◆ Task goal:
Find the lines below in which the string "custom" occurs. Copy each one.

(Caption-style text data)

================

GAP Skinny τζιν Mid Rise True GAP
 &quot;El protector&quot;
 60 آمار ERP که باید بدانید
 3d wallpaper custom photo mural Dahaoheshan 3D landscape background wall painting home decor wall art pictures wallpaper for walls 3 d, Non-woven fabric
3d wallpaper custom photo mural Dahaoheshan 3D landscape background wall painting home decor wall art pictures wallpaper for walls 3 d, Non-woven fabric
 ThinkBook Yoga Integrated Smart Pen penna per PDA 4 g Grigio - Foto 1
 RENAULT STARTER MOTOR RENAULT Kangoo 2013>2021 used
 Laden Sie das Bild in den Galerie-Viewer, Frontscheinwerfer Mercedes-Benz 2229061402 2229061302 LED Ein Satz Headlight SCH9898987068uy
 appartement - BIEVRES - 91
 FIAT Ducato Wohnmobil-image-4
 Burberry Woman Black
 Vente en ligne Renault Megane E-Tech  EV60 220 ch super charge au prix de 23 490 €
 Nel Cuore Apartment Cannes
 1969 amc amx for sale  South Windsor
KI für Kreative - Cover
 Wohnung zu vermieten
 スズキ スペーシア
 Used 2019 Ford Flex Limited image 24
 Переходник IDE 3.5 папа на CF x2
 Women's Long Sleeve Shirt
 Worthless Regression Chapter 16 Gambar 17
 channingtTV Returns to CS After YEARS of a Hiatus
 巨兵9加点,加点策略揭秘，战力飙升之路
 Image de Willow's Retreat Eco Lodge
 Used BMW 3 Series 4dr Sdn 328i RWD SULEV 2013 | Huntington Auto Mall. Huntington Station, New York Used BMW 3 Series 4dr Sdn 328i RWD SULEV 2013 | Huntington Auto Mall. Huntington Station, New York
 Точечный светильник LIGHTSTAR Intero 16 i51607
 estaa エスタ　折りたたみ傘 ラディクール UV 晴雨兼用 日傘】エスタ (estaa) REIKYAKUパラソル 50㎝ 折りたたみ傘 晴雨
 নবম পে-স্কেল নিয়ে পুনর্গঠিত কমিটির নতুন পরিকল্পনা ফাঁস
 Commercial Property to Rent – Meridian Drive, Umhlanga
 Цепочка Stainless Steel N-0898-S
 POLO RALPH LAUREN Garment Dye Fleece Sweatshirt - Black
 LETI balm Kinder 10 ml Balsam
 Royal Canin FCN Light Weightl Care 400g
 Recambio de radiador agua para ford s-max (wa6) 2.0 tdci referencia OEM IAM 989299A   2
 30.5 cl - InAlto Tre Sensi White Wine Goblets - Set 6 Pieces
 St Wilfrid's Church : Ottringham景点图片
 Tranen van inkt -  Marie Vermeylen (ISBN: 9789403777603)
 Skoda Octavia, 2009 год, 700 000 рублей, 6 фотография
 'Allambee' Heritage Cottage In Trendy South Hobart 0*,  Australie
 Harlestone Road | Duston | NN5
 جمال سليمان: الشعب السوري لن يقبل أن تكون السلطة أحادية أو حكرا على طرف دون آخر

================

◆ Answer section:
 3d wallpaper custom photo mural Dahaoheshan 3D landscape background wall painting home decor wall art pictures wallpaper for walls 3 d, Non-woven fabric
3d wallpaper custom photo mural Dahaoheshan 3D landscape background wall painting home decor wall art pictures wallpaper for walls 3 d, Non-woven fabric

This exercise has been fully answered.